Have You Seen the New NBC show “Minute to Win it?” It reminds me of watching entrepreneurs in a start-up company grow from start-up through to the expansion stage through to completing a company exit event.
The similarities include:
- Win 10 games, win a $1 million prize (although for companies it is more like win $1 billion if all the games are won well).
- Each of the games are known, so if the participants have the right characteristics, figure out how to win the games, and execute well, they win the ultimate prize.
- The contest can be stopped at various milestones with the participants having won a subset of the games, with the participants walking away with a good sum of money, but not the ultimate prize.

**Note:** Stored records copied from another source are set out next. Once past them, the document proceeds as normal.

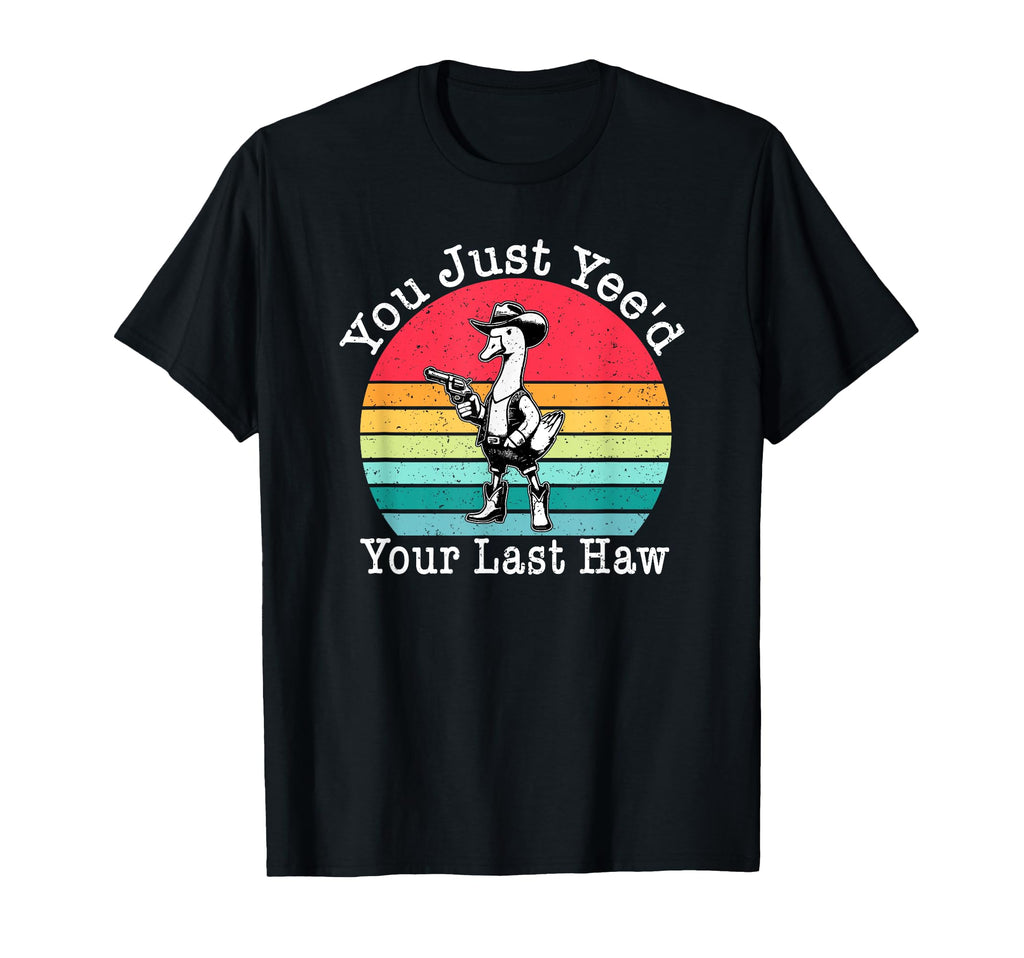 You Just Yeed Your Last Haw Cowboy T-Shirt - Custom Art Print Men Women - T-Shirt, Sweatshirt, Hoodie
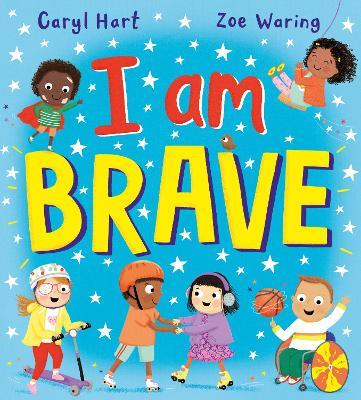 I Am Brave! (PB) - Caryl Hart - cover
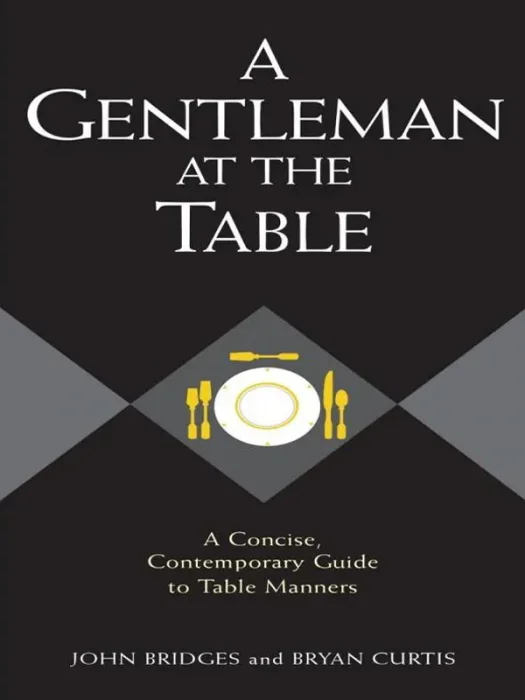 A Gentleman At The Table: A Concise&#44; Contemporary Guide To Table Manners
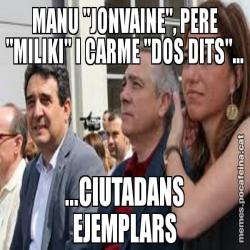 MANU "JONVAINE", PERE "MILIKI" I CARME "DOS DITS"... ...CIUTADANS EJEMPLARS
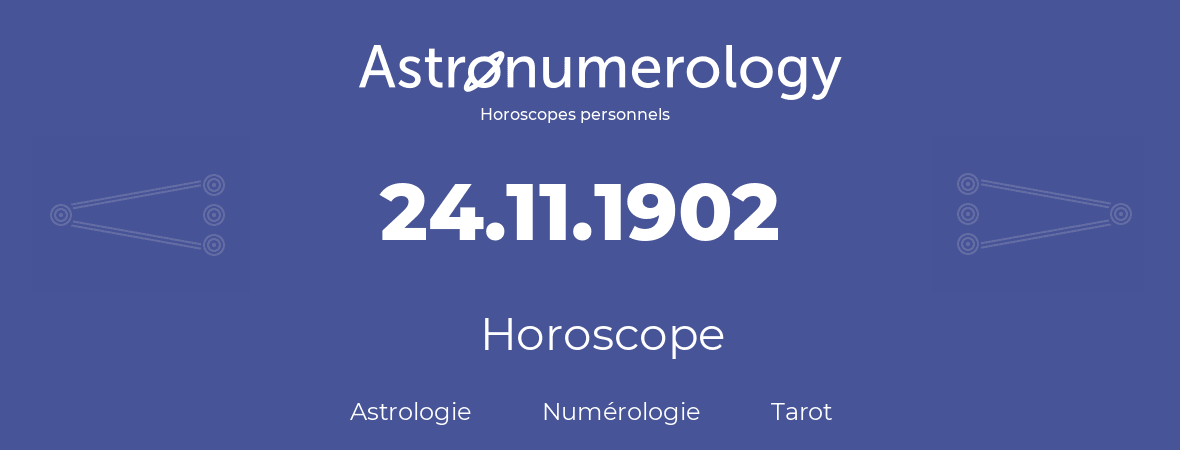 Horoscope pour anniversaire (jour de naissance): 24.11.1902 (24 Novembre 1902)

Summary of “Minute To Win It” (from the show’s website): The show features competitors participating in a series of simple, yet nerve-wracking, games that can lead to a $1 million prize. In each one-hour episode, competitors will face 10 challenges that escalate in level of difficulty using everyday household items. Each game has a one-minute time limit and failure to finish the task on time will eliminate the contestant. If a contestant finishes the 10 tasks, the contestant wins $1 million. At various points throughout the game, the competitor can walk away with the money earned up to that point — but it’ll take nerves of steel to complete all 10 tasks to win $1 million. The competitors, who come from all walks of life, are shown over 60 games prior to the competition and are encouraged to practice these one-of-a-kind challenges at home.
The great thing is that all of the games are known and published on the show’s website, so if the contestants have the right core characteristics and learn the skills of each of the games and can execute well in front of the live audience, the contestant should win $1 million.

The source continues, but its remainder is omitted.